Specifically, Slezkine departs from those theorists of political religion, like Voegelin and Waldemar Gurian, who, as conservative religious activists, saw in Christianity (generally Catholicism) a healthy way of constructing the relationship between theology and public life and in totalitarianism a heresy. Slezkine rejects any normative definition of religion, which might make Bolshevism a derivative or atypical expression of a religious norm. Instead, he uses millenarianism as an anthropological category, which he applies to transcendent and immanent faiths alike. He does so as a decidedly secular observer, who casts scorn on all millenarian expectations, whether Christian or Marxist.

In the preface, Slezkine proposes to work in three registers: family saga, analysis, and literature. The tension between analysis and literature gives the book its vibrancy. Analysis reproduces the life cycle of millenarian fervor, comparable to what anthropologist Mathijs Pelkmans calls the “pulsation” of ideology and religious studies scholar Ann Taves calls “emergence.” We follow the cohort of revolutionaries through youthful malaise and daydreaming, the insurgency in 1917, following which they had the sudden responsibility to put their predictions into practice, and, finally, the violent disillusionment in the purges. As a postscript, we see survivors’ attempts to continue life after catastrophe, and maintain a relationship with a state whose structures have come of age. The routinization that is a classic end point of revivalist movements comes, in its Soviet rendering, at the price of selective forgetting.

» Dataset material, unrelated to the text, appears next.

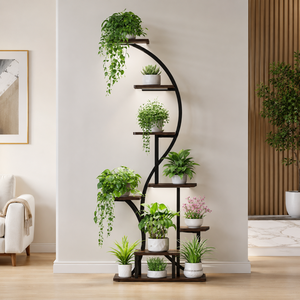 Soporte de Metal y Madera Curvado para Plantas, Estante de Múltiples Niveles para Macetas de Interior, Estante Decorativo de Esquina para Decoración del Hogar y Jardín - Product Image 1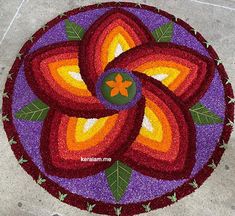 a colorful flower design is on the ground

Literature, by contrast, speaks to the role of fictional narratives in the Bolshevik experience. Slezkine spends little time on the conventional explanations of revolutionary commitment, such as frustrated nationalism or social marginalization. Instead he lavishes many pages on the novels Bolsheviks read. He quotes a statement made by the future head of the Soviet government Yakov Sverdlov during his Siberian exile: “I put books to the test of life and life to the test of books.” At times, faith and literature flowed together, at other times literature resisted the faith. The House of Government concludes with the claim that socialism faltered because the governing elite of the first workers’ and peasants’ state allowed their children to read Tolstoy and imbibe his humanism rather than inculcating them with revolutionary principles. In the end, then, millenarianism appears as a drama, a story begging to be performed in history. One of the chief qualities of the Bolshevik drama was that it failed to reproduce itself beyond the first generation and was relatively easily forgotten.

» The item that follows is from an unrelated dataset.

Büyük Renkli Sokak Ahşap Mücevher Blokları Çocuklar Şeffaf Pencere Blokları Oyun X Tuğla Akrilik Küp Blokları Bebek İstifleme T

Literature also informs the way that Slezkine writes. To distance himself from the Bolshevik faith, he reaches into the repertoire of novelists and borrows techniques that most scholars would avoid: irony, parody, hyperbole. His book walks self-consciously between history, fable, and literature, an intention he declares in a tongue-in-cheek disclaimer: “This work is a work of history. Any resemblance to fictional characters, dead or alive, is entirely coincidental.” One moral of this book for scholars of religion and secularism is that one had best approach the sacred qualities of modern politics with creativity, caution, and a dose of irony.